I am not sure I understand the meaning of “epidemiological after-effects“; are they related somehow to GWAS? It is not possible to identify physiological mechanisms of blood pressure regulation by QTL mapping. QTL is a segment chromosome usually with multiple genes. Identification of a QTL provides information about location of putative genetic determinants (not specific genes) regulating blood pressure but provides no information about physiological mechanisms regulating blood pressure. Maybe authors wanted to say that physiological analysis of congenic strains with genetically isolated QTL might provide some hints about physiological mechanims related to blood pressure diffrence.

 

“The evidence has reproduced the outcome that each QTL genetically acts as a building block by Mendelian monogenicity.“

Comments

This phrase that “…QTL genetically acts…by Mendelian monogenicity“ is an oxymoron.

 

“A gene dose for a QTL is irrelevant to BP controls.“

Comments

A QTL is not a gene, thus “a gene dose for a QTL…“ does not make sense

 

“Together, QTLs join one another as a group in modularized Mendelian fashion to achieve polygenicity.“

Comments

According to the authors a group of QTLs is similar to a Mendelian trait and thus achieves polygenicity.
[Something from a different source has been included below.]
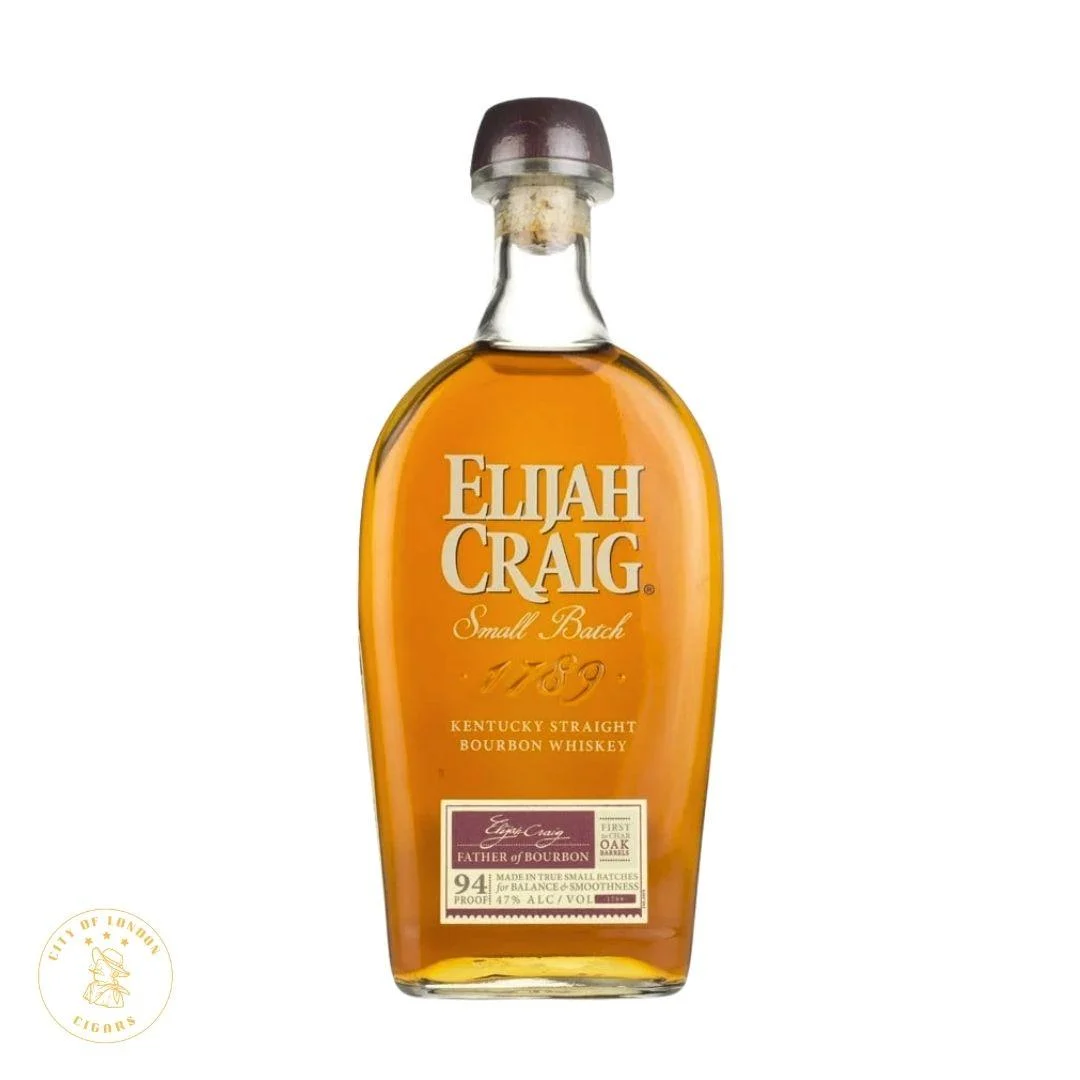 Elijah CraigKentucky Straight Bourbon Whisky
It does not make sense.

 

“Mechanistically, the QTLs in the same module appear to function in a common pathway. Each is involved in a different step in the pathway towards polygenic hypertension.“

Comments

QTLs are segments of chromosomes with many genes. Thus it is not possible to analyze mechanisms of chromosome segments.

 

“This emerging concept is a departure from the human-centric precept that the level of QTL expressions, not physiology, would ultimately determine BP.“

Comments

According to the authors, GWAS are human-centric because they use common SNPs that are specific to humans and are not present in rodent models. The authors argue that these polymorphisms cannot represent genetic variants regulating blood pressure. However, this is misunderstanding, nobody  claims that common variants used in GWAS are reponsible genes. And of course, GWAS are human-centric.

QTLs are segments of chromosomes and therefore “QTL expressions“ is a nonsense.